The royal court of Bela Talbot, Rowena MacLeod, and Billie (nobody knows their last name, in the same way nobody knows Adele’s or Madonna’s—you simply don’t need to) chorus a sympathetic sigh. They are staples of the Royal Banquet Table, being more loyal to the power of The Table than to the current monarchy itself, and so Jo and Claire tolerate them. Rowena’s basically a witch, and Bela’s English, and Jo is pretty sure Billie could strangle her with their bare hands and she’d say thank you, so. It’s not like they’re unattractive company.
Besides, there’s another member of the table Jo is more concerned with.
Dean Winchester leans over to Jo, and in a rarely captured example of sensible advice, says, “ignore them, Jo, they’re not worth your time.”
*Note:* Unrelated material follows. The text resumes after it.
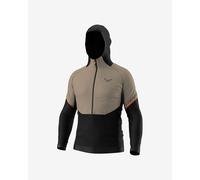 Giacca con cappuccio Dynafit Alpine Hybrid nero grigio chiaro - XL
Dean Winchester is different to Bela, Rowena, and Billie. He makes Jo’s very lesbian brain come to an unwilling and baffling stop. She looks into his dewy green eyes and she hears white noise. He’s a senior, and he exclusively wears his dad’s too-big leather jacket because he thinks it makes him look cool (it kinda does) and Jo would die before admitting that sometimes it feels like no one else’s opinion of her in the whole world matters apart from his.
Hey, fuck off! My feelings about Dean Winchester are perfectly normal.
“Yeah, you too,” Jo replies to Dean. And conversation is a subjective artform, but that is not the correct response to Dean’s previous statement.
Dean smiles at Jo anyway, like she’s somehow fun to be around, and she’s glad that if being the Teen Queen of the school gets her anything, it’s this. Dean hangs out with them some days, when he feels like it. Mostly he hangs out in the school’s garage working on cars, and more recently he’s been spending time in the gardens with the new transfer student Clarence.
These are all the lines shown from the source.